I want to merge two data frames (named 'data' and 'add') so that only the rows of the first dataframe(data) are kept (Left Join).
When I use
Merged <- merge(data, add, by.x = "DATAGene", by.y = "ADDGene", all.x = TRUE, all.y = FALSE)
I get more rows than I had in the first data frame.
dim(data)
[1] 21578 4
dim(add)
[1] 25778 2
dim(Merged)
[1] 21639 5`
Why would this happen and is there a way to avoid it?
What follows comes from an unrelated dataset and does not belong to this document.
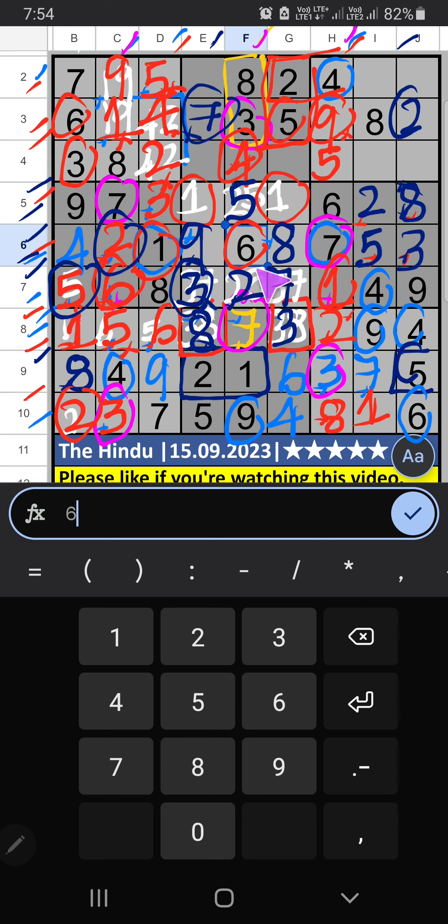5th row and 5th grid — 2 numbers are remaining: 1 and 4. Column G has 4, so 4 can't come in the cell — 4 is confirmed here. Then 1 is here. Column G — only 1 number is remaining: 9 — 9 is confirmed here. 2nd grid, column E — 2 numbers are remaining: 1 and 6; they will come in any one of these cells — confirmed later. Column G — 2 numbers are remaining: 1 and 7. 2nd row has 7, so 7 is confirmed here. Then 1 is here. 2nd row has 1, so 1 is confirmed here. Then 6 is here.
Both the DATAGene and ADDGene columns are character columns.
The datatable "add" looks like..
ADDGene V1
1 TSPAN6 51
2 TNMD 0
3 DPM1 114
4 SCYL3 9
5 C1orf112 1
...
87 SPPL2B 6
88 FAM214B 20
89 COPZ2 75
. .
The datatable "data" looks like..
DATAGene V2 V3 V4
1 TSPAN6 294 778 595
2 TNMD 0 8 0
3 DPM1 354 311 696
4 SCYL3 86 94 134
5 C1orf112 147 268 263
...
87 FAM214B 415 115 156
88 COPZ2 82 13 12
89 PRKAR2B 1523 710 250
It is highly possible that one of the data.frame has duplicate value of gene name
You are correct, the Data and Merged data tables have the same number of rows if I only count the unique ones. Do you know if there a way to keep only the rows from Data and its duplicates?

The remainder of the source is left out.